▶ [Task details]
What you return should match the data word for word, minus the images.

▶ [Data for this task]
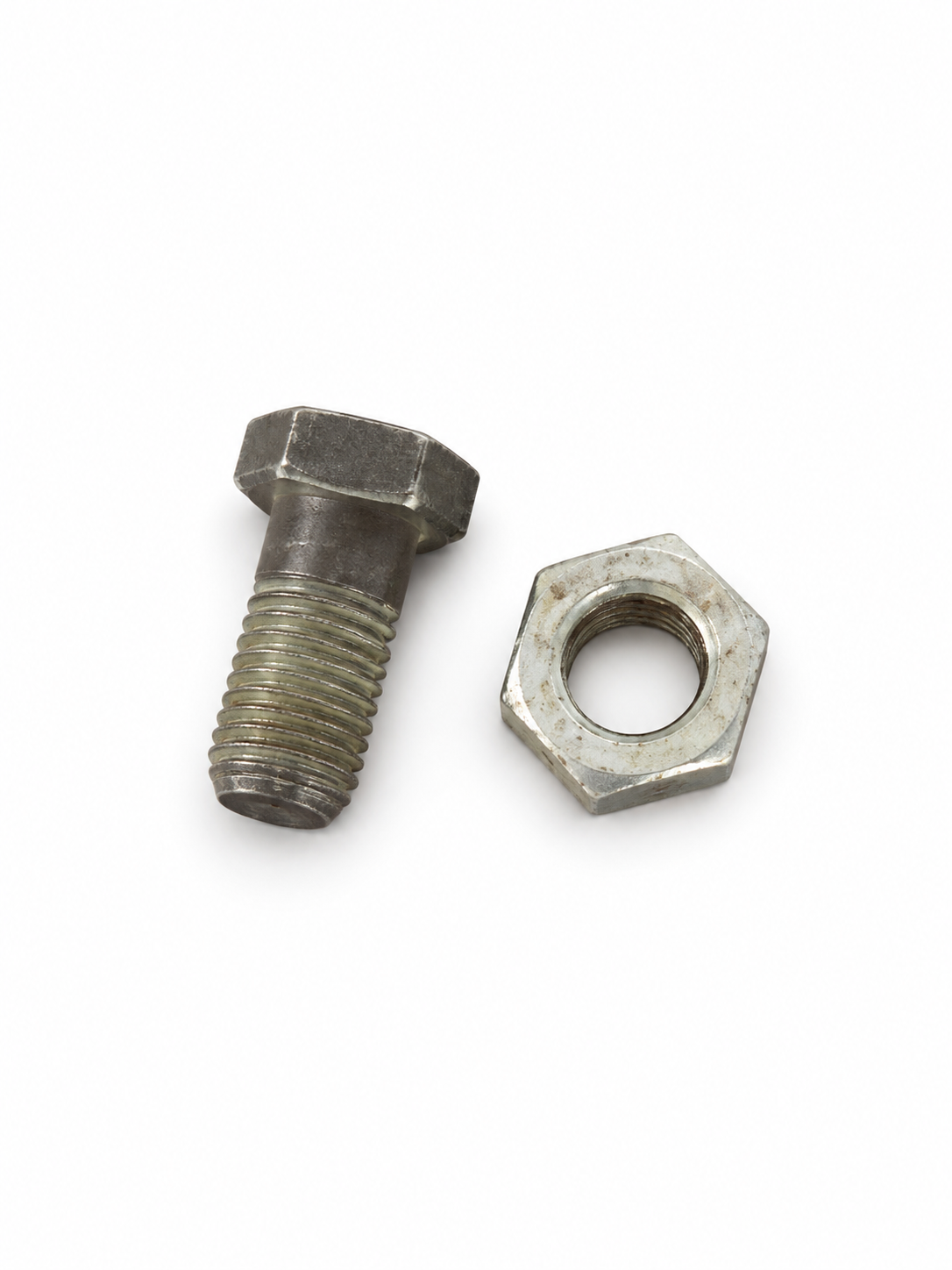 Vaca 470210 Vine Center Bolt & Nut for Older Model Shears — packaging or alternate view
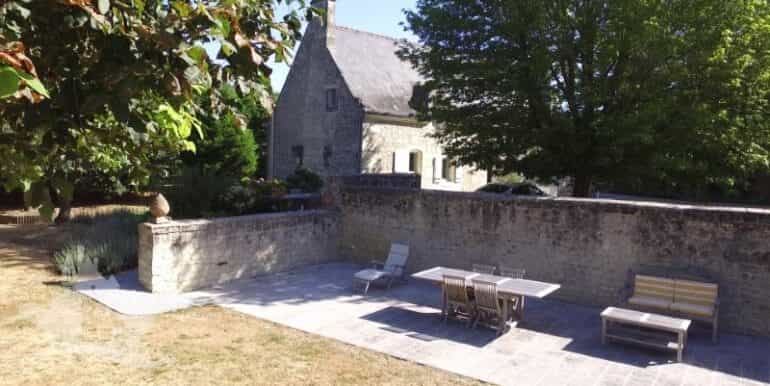 жилой дом в Chinon, Centre-Val de Loire 10100273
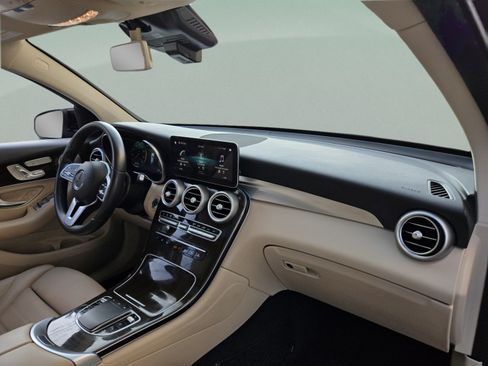 Used 2020 Mercedes-Benz GLC 300 4MATIC Coupe image 29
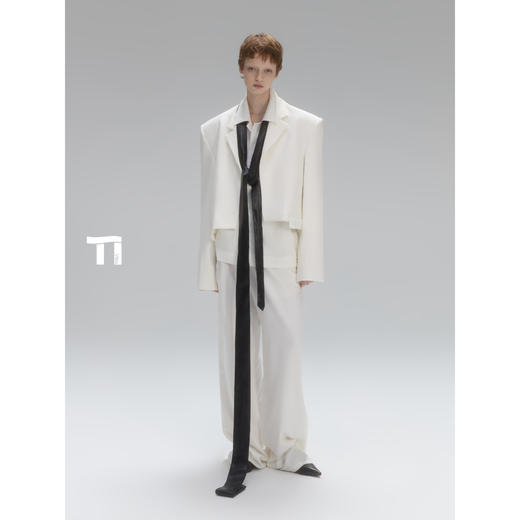 启世录TIWILLTANG“希御漫际”短款时尚都市雅痞显高西装套装 商品图0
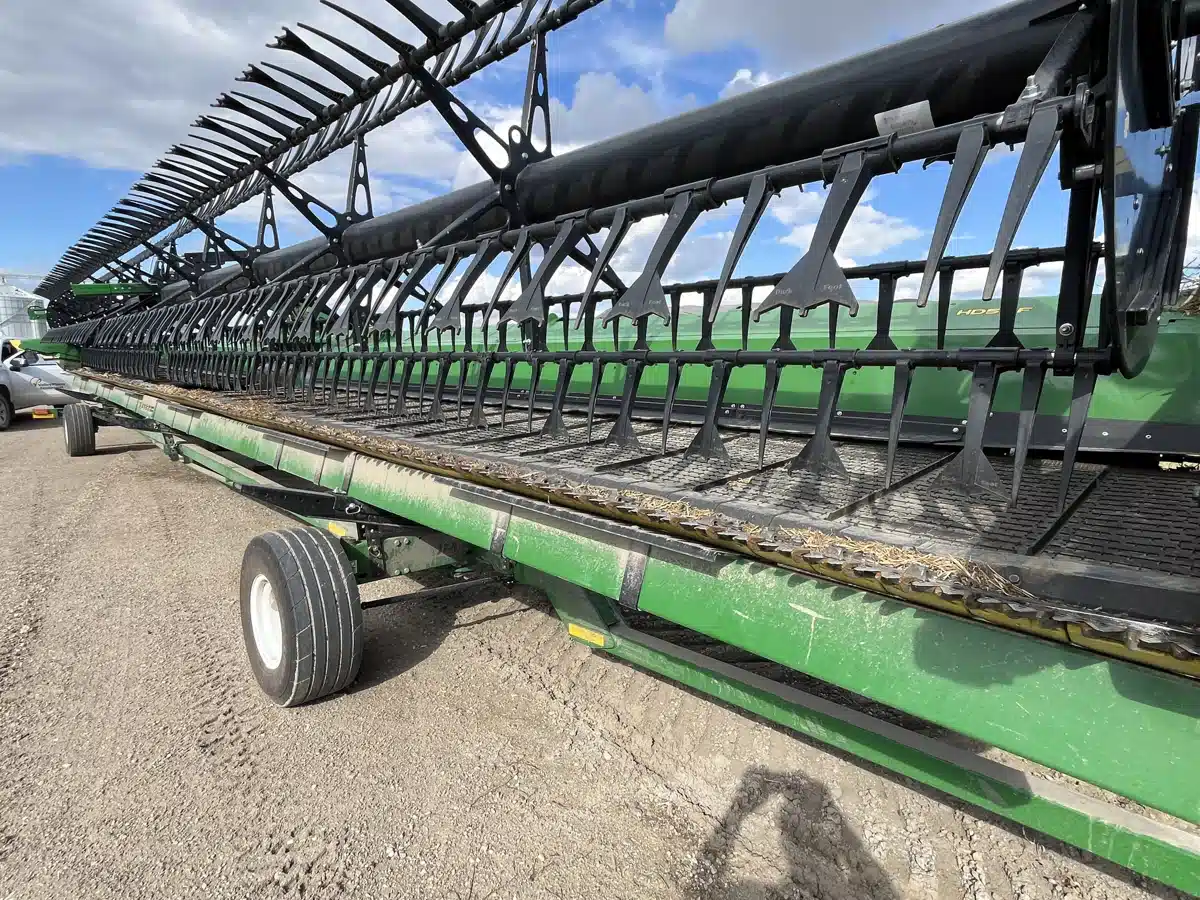 Gallery image 2 for Used 2024 John Deere HD50F Header Combine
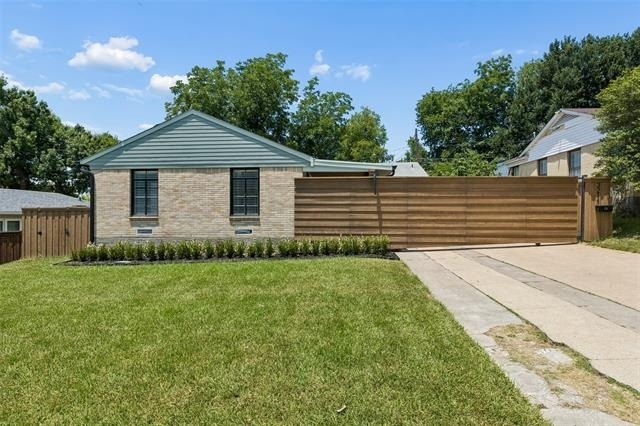 3211 Lawnview Avenue - Photo 1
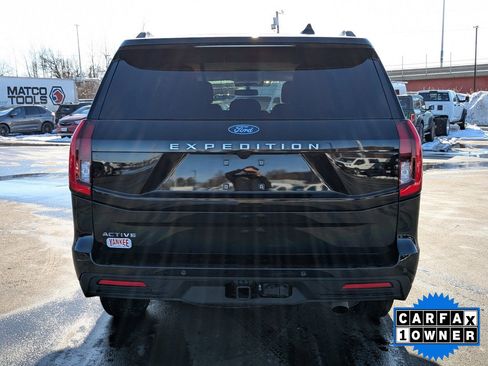 Certified 2025 Ford Expedition Active image 5
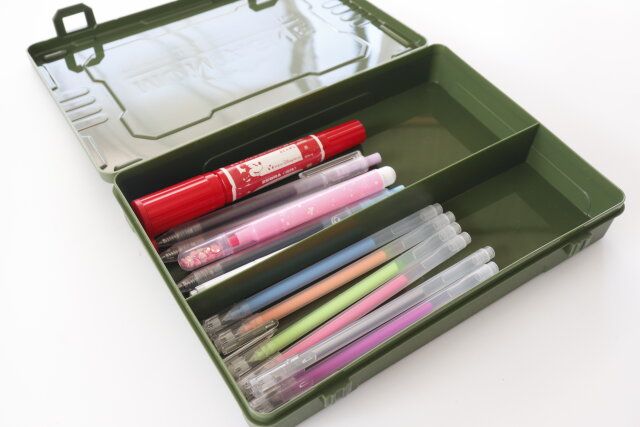 セリアのNO.1889 SIKIRI MGX カーキにペンを収納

▶ [Output of the task]
 Vaca 470210 Vine Center Bolt & Nut for Older Model Shears — packaging or alternate view
 жилой дом в Chinon, Centre-Val de Loire 10100273
 Used 2020 Mercedes-Benz GLC 300 4MATIC Coupe image 29
 启世录TIWILLTANG“希御漫际”短款时尚都市雅痞显高西装套装 商品图0
 Gallery image 2 for Used 2024 John Deere HD50F Header Combine
 3211 Lawnview Avenue - Photo 1
 Certified 2025 Ford Expedition Active image 5
 セリアのNO.1889 SIKIRI MGX カーキにペンを収納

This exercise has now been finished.